For the low maintenance gardener we’ve created a guide to choosing perennials for your Florida garden. Perennial plants beautify your landscape without the hard work of replanting every year, making them ideal for the mild climate of Florida and the casual gardener.

There are many options to choose from when picking perennial plants, so we’ve put together a list of popular plants that are known to grow successfully in Florida to get you started.

This is by no means an exhaustive list, but will help you identify some of the most common perennials you will see in the garden center. You don’t have to be a master gardener to have a beautiful perennial garden.

the perennial flower coneflower

What are perennial plants?

Unlike annual plants, which die off every year, perennial flowers only die back, returning in the spring to your garden to bloom. This makes them very hardy and a good investment in your landscape. Not all perennials are evergreen, but many are, providing lovely foliage through the winter months.

hibiscus perennials

Why choose perennial plants

Perennial plants tend to be low maintenance, hardy plants that may only require a little pruning to keep looking neat. While they are more expensive many are maintenance free and thrive in less than ideal conditions. They also tend to be drought resistant, making them good for Florida’s summers.

lavender perennial flower

What to look for at your garden center when selecting perennials

Container grown perennials

When you are buying perennial flowers, keep in mind you are investing in a plant that will last a few years at least.
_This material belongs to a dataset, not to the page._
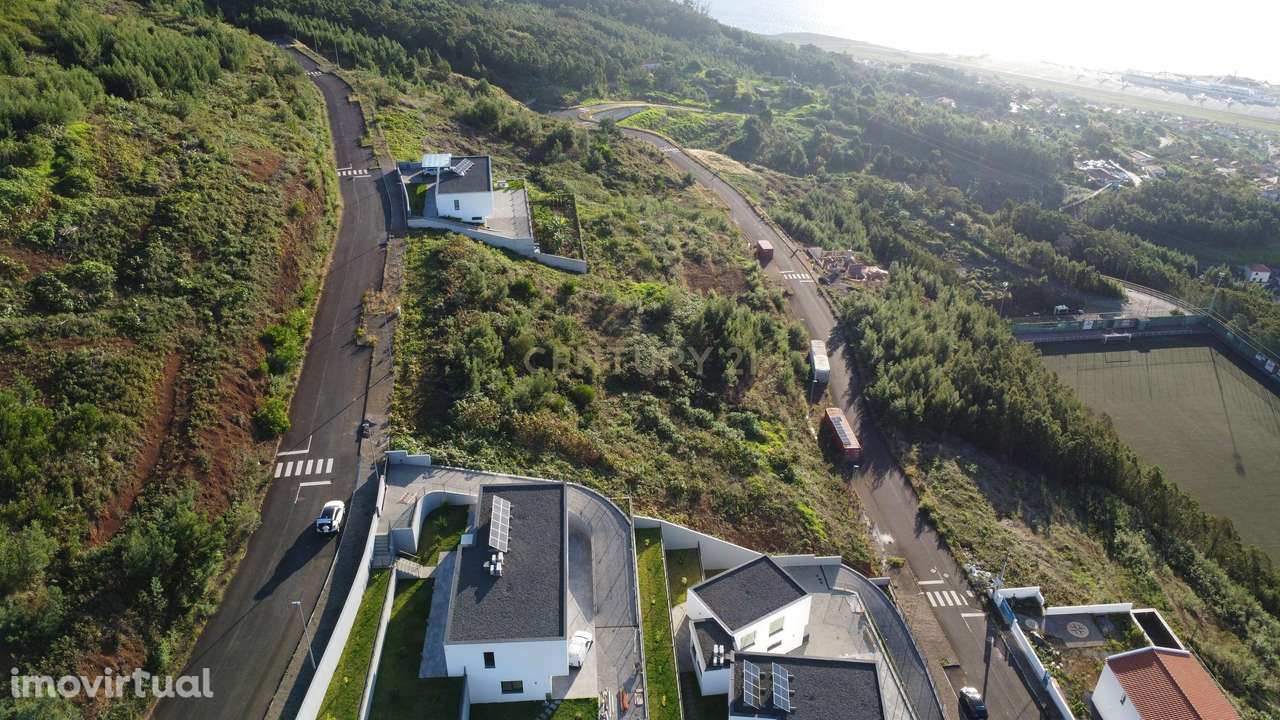 Terreno com Vista Panorâmica em Santa Cruz, Madeira - Grande imagem: 2/9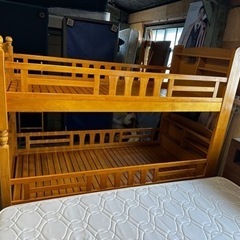 2段ベッド　幅108　長さ218　高さ172ｃｍ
Think about where you want to put them before you buy, because they will be there for some time. Ask yourself if the plant you are looking at requires shade or full sun and whether or not it needs well drained or swampy soil conditions.

Inspect them carefully for pests or damage. Look at leaves to make sure they haven’t been chewed on, indicating there is a pest attacking the foliage and possibly living in the soil. Also check the root ball to make sure roots are white and healthy. Black or slimy roots are suffering from root rot. Select plants potted in moist, but not overly wet soil.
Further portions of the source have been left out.